**WHAT IS REQUIRED:** Repeat nothing but the line that contains "Airin Dukung Kemajuan Olahraga di Banten" and the lines after it, through the end of the listing, exactly as they stand; omit pictures.

++++ PROVIDED DATA

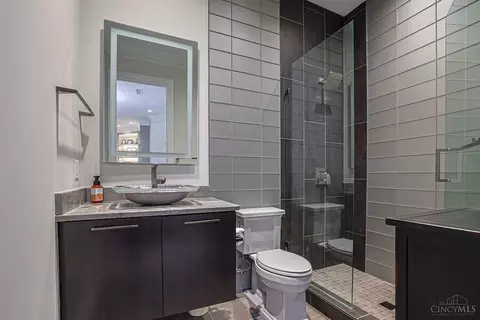 Bath - 5 Old Orchard Ln, Cincinnati, OH 45242 photo 4 of 5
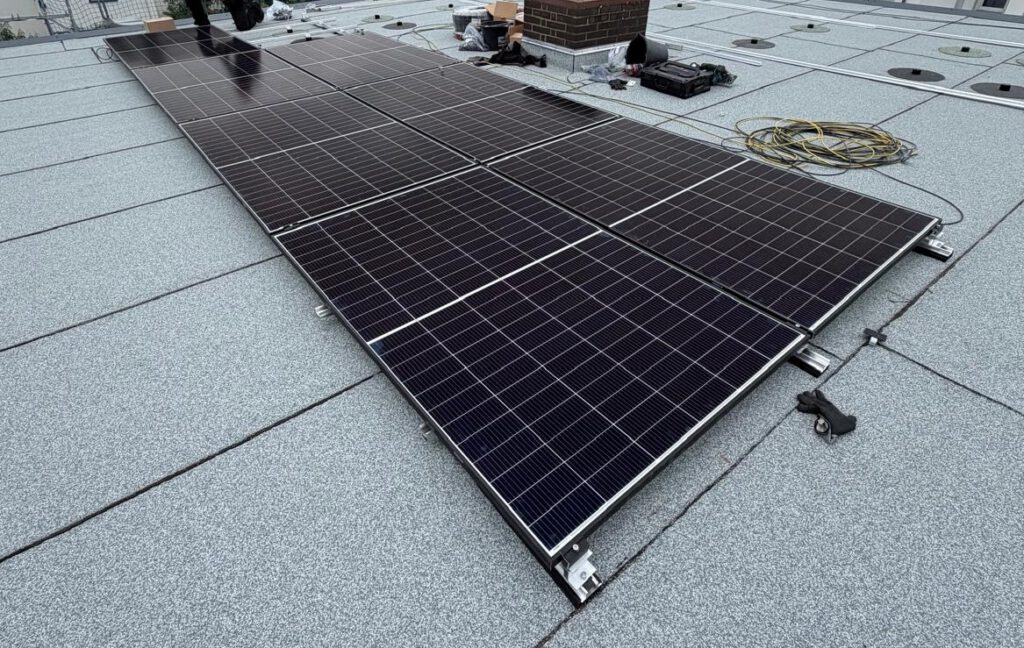 PV-Module während der Montage auf einem Flachdach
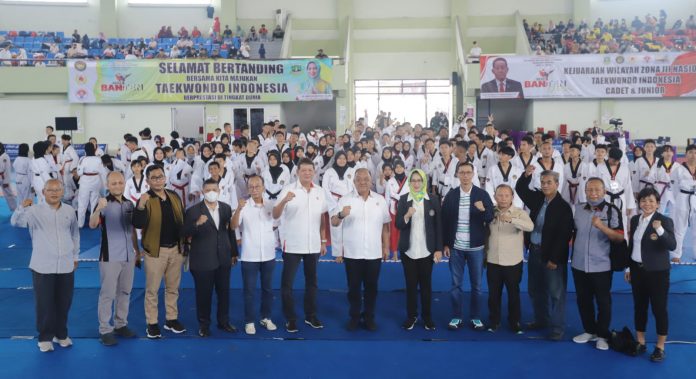 Airin Dukung Kemajuan Olahraga di Banten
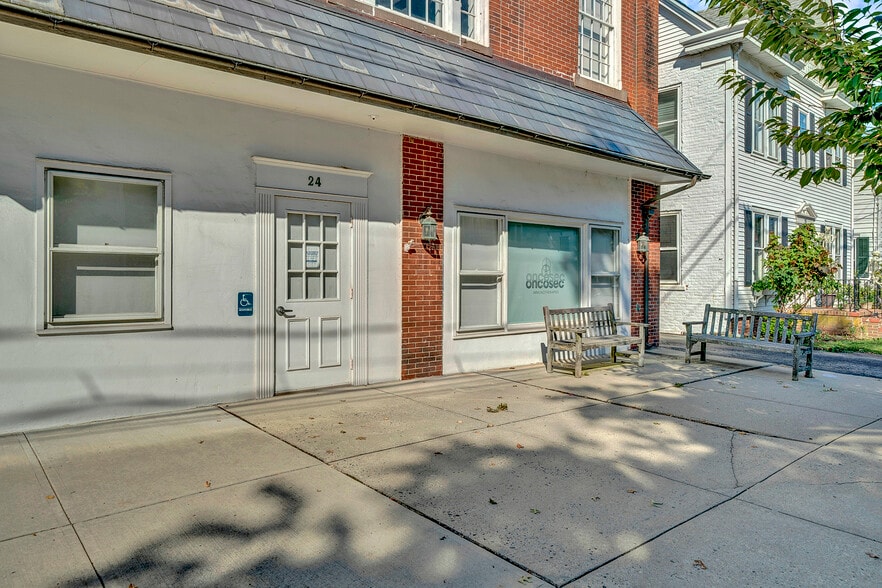 24 N Main St, Pennington, NJ for lease - Building Photo - Image 3 of 11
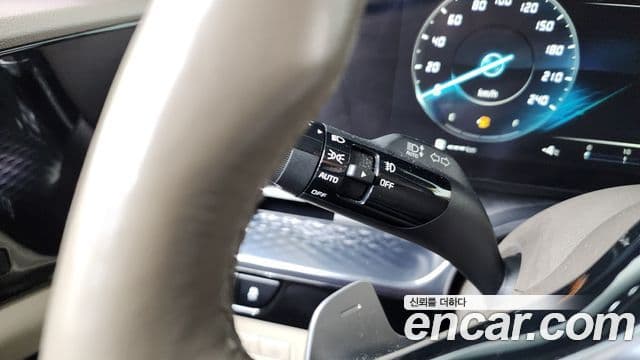Kia Carnival 2021 — ფოტო 17/20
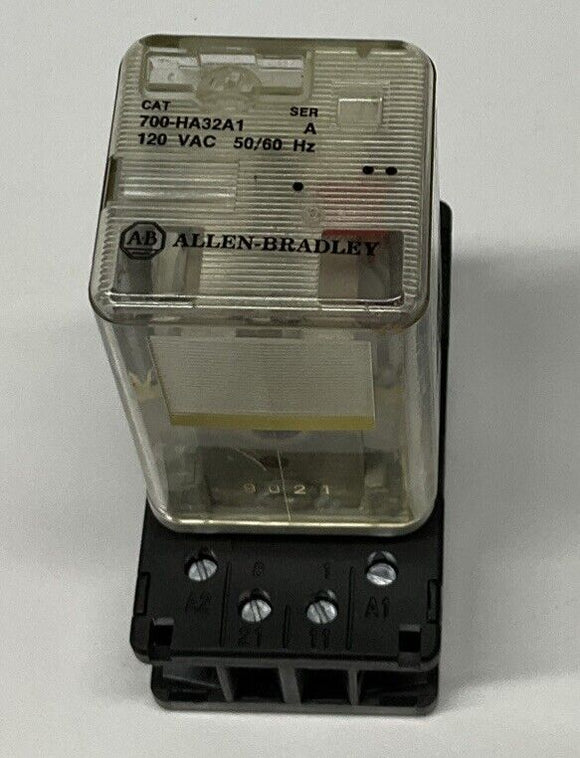 Allen Bradley 700-HA32A1 Ser A 120VAC Relay 8-Pin w/Base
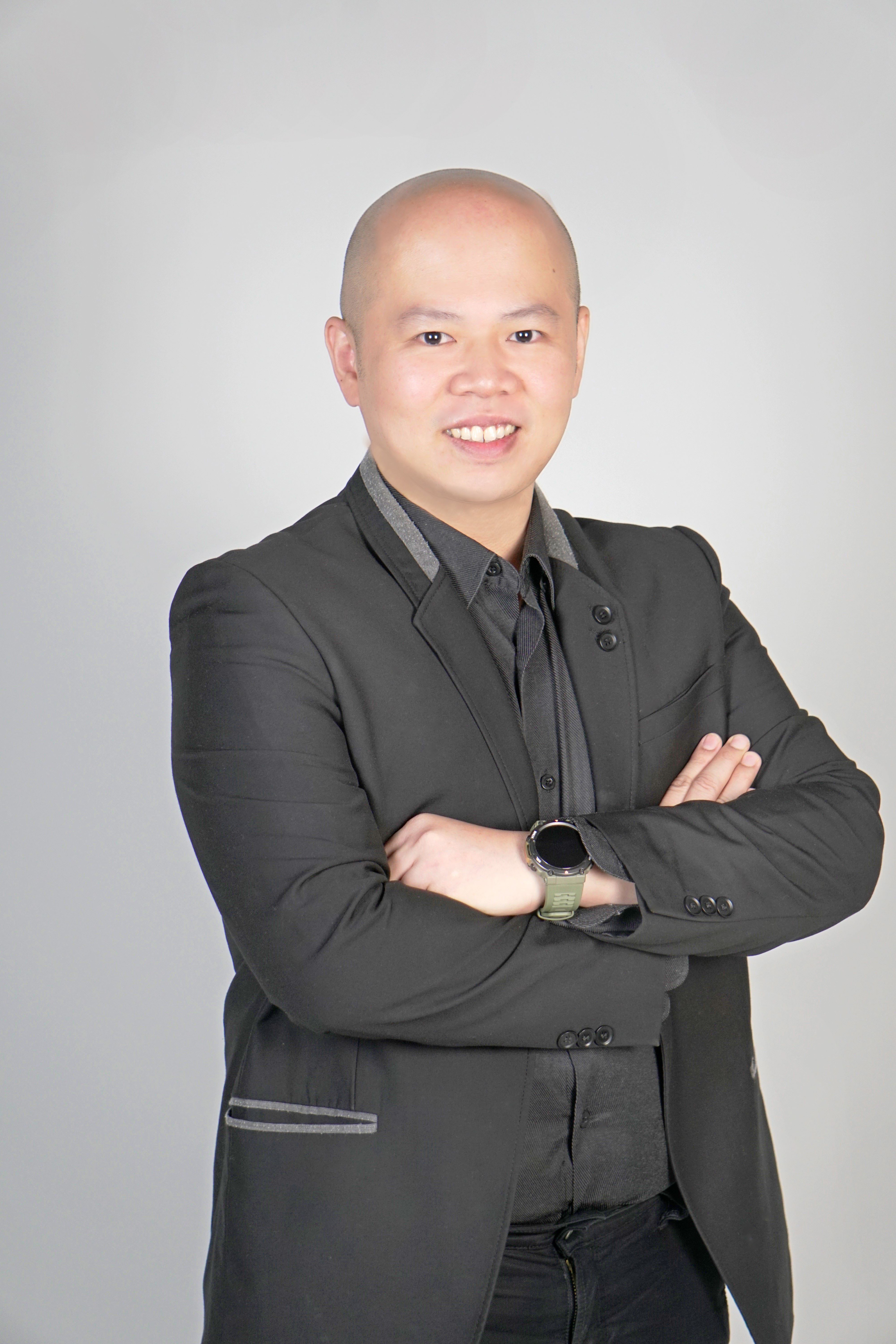 James Poong profile picture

++++++++

**ANSWER SECTION:**
 Airin Dukung Kemajuan Olahraga di Banten
 24 N Main St, Pennington, NJ for lease - Building Photo - Image 3 of 11
Kia Carnival 2021 — ფოტო 17/20
 Allen Bradley 700-HA32A1 Ser A 120VAC Relay 8-Pin w/Base
 James Poong profile picture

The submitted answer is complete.